Not the newest member
The one vs two layers of balsa core material

The purpose of the vertical grain balsa is to act as a spacer between the two skins/ to create a beam like structure/ to provide depth and strength. The two layers of balsa as you've encountered with no bond between them does not achieve the same strength and would allow the two skins to move/ flex independently of one another. Not very desireable.
Glad to hear you're pleased with the decision to do the recore from below. I've actually been doing Gym sessions lately working on range of motion and flexibility and I can sympathize with all the overhead work! If you happen to have a 30 Ton Crane at your disposal you could always lay the boat on its' side for the balsa removal. That's a "tongue in cheek" type suggestion but certainly in manufacturing, positioners are often utilized to optimize labour effort.
 

bigd14

Contributing Partner
Blogs Author
Sounds like you had a great excuse to purchase a Fein Multimaster or other knock-off imitations. I spent a day trying to remove wet core material (from the top!) and eventually gave up and bought an oscillating tool, and when that burned out, the Multimaster. With that and the Porter Cable 7335 DA sander any boat demo job is possible!
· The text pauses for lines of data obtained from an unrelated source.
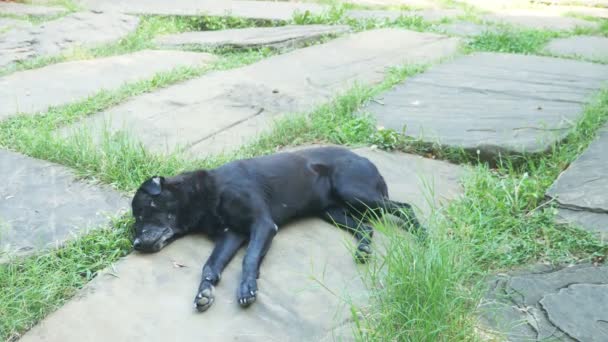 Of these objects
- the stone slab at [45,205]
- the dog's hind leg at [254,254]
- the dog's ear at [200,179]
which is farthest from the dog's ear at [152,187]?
the dog's hind leg at [254,254]

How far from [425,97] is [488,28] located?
128 inches

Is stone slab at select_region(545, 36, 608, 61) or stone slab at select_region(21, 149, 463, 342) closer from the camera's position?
stone slab at select_region(21, 149, 463, 342)

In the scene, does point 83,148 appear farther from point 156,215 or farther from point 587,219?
point 587,219

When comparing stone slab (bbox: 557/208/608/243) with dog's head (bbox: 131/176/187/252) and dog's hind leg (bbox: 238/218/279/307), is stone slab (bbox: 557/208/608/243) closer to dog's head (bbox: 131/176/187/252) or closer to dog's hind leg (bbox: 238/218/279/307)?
dog's hind leg (bbox: 238/218/279/307)

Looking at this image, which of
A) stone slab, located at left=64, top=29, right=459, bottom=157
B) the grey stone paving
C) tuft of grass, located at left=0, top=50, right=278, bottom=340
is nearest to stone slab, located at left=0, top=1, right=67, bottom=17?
tuft of grass, located at left=0, top=50, right=278, bottom=340

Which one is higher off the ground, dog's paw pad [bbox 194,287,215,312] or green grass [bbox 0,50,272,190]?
green grass [bbox 0,50,272,190]

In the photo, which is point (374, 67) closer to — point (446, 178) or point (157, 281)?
point (446, 178)

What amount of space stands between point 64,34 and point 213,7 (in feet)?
7.62

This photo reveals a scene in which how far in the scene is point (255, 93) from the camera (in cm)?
563

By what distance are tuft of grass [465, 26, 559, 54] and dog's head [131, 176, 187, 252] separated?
15.1 feet

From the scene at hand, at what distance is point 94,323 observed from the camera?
8.99 feet

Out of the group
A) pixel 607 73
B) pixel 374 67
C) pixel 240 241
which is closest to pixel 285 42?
pixel 374 67

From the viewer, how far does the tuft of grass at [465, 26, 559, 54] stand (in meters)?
7.11

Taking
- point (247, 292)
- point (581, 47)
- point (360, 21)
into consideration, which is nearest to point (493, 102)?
point (581, 47) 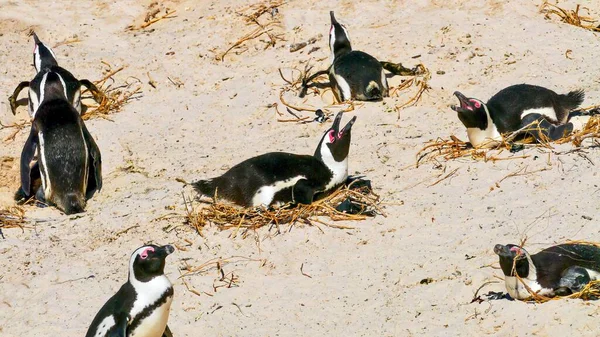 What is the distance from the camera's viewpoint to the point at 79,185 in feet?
25.1

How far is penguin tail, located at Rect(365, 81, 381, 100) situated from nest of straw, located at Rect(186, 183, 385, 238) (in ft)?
5.50

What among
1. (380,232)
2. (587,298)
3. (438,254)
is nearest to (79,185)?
(380,232)

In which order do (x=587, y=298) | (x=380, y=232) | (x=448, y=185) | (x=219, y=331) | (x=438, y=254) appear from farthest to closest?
(x=448, y=185) < (x=380, y=232) < (x=438, y=254) < (x=219, y=331) < (x=587, y=298)

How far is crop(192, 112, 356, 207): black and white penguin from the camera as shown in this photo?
262 inches

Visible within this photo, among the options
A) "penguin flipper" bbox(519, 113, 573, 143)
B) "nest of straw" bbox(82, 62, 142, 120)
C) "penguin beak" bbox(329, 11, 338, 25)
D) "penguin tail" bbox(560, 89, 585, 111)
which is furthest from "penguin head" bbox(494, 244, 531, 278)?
"nest of straw" bbox(82, 62, 142, 120)

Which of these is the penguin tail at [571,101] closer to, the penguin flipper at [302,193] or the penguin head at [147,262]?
the penguin flipper at [302,193]

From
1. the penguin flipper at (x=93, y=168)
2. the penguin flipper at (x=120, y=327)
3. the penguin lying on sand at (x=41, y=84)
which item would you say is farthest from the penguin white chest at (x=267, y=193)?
the penguin lying on sand at (x=41, y=84)

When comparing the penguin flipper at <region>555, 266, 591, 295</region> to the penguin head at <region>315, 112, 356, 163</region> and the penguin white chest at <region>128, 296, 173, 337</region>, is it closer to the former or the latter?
the penguin white chest at <region>128, 296, 173, 337</region>

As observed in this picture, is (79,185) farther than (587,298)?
Yes

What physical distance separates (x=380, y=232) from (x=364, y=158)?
4.11 feet

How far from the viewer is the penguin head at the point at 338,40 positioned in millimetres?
8859

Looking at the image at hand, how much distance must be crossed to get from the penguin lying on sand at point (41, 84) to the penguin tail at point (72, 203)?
45.1 inches

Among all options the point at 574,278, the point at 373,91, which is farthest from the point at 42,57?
the point at 574,278

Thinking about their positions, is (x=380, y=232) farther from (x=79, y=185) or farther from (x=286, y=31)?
(x=286, y=31) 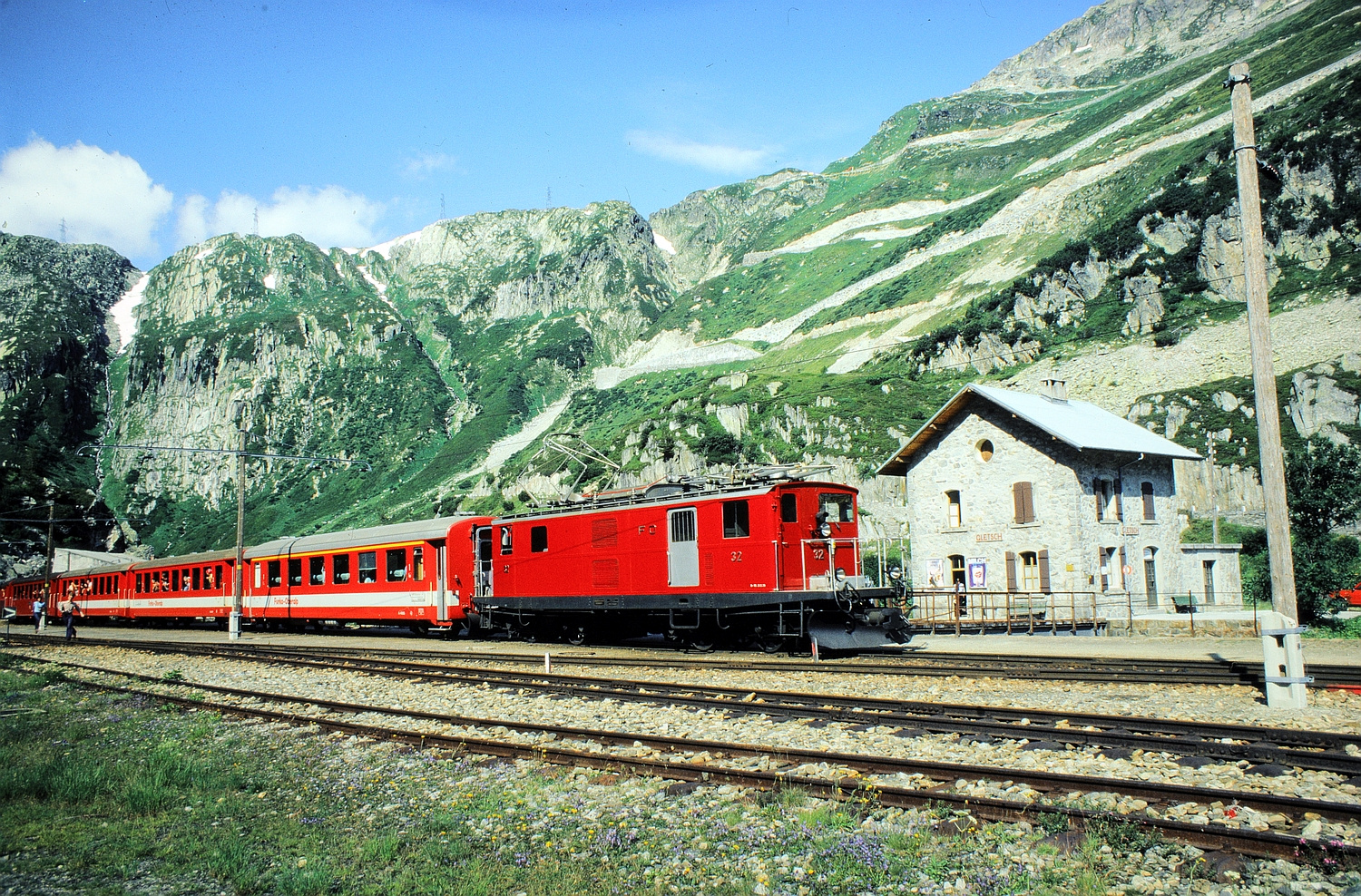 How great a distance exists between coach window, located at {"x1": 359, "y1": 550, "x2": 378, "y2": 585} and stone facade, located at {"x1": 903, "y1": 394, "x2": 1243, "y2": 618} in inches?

If you have any more core removal, I highly recommend an oscillating tool.

Now the real fun begins- overhead epoxy work! You might seriously consider shaving your head and removing any other exterior body hair. Because one way or another its coming off... :scared:
 

Wander

Member II
I do have an oscillating tool. I bought the first one on the market a couple years ago from Dremel. Definately not in the same league as the Fein or Milwaukee, but it was wonderful for getting around the chain plates and bulkheads.

(Un)fortunately I don't have a lot of hair left to go to much trouble about....
 

Mike Tinder

Member II
Joe,

If you look up E-39B Pictures 1 thru 8 I think, you will see pictures of my re-coring project that I did. I did just what you are doing. You cant see it becasue it is not in the pictures but I feathered the fiberglass back around the areas where I cut out the balsa.

Then for my fiberglass job I used the really thick glass mat, it was roving roven and mat all in one, extremely thick stuff. I cut it into 8 inch squares. So I went accross all my areas that needed glassed in with 8" squares. Then for the second layer I over laped the joints of the first layer, then the third layer overlaped the second, and the fourth overlaped the third. It was over kill. I used some where around 700 of the 8 inch squares. But when it was all cured I was able to lightly grind it fairley smooth without losing a bunch of its thickness.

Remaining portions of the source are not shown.